* _EXERCISE DESCRIPTION_
Transcribe exactly the lines below that begin at the line with "Vladislaus II the" and stop after the line with "Gerry 1-Light Black", leaving out every picture.

* _GIVEN DATA_

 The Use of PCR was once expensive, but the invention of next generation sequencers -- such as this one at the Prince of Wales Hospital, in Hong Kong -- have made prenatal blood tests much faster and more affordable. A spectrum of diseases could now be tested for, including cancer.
--
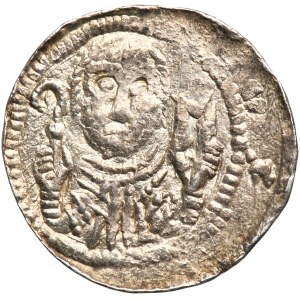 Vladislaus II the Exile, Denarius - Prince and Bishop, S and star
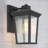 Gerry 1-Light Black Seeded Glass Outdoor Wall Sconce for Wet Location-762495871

* _EXERCISE RESULT_
 Vladislaus II the Exile, Denarius - Prince and Bishop, S and star
 Gerry 1-Light Black Seeded Glass Outdoor Wall Sconce for Wet Location-762495871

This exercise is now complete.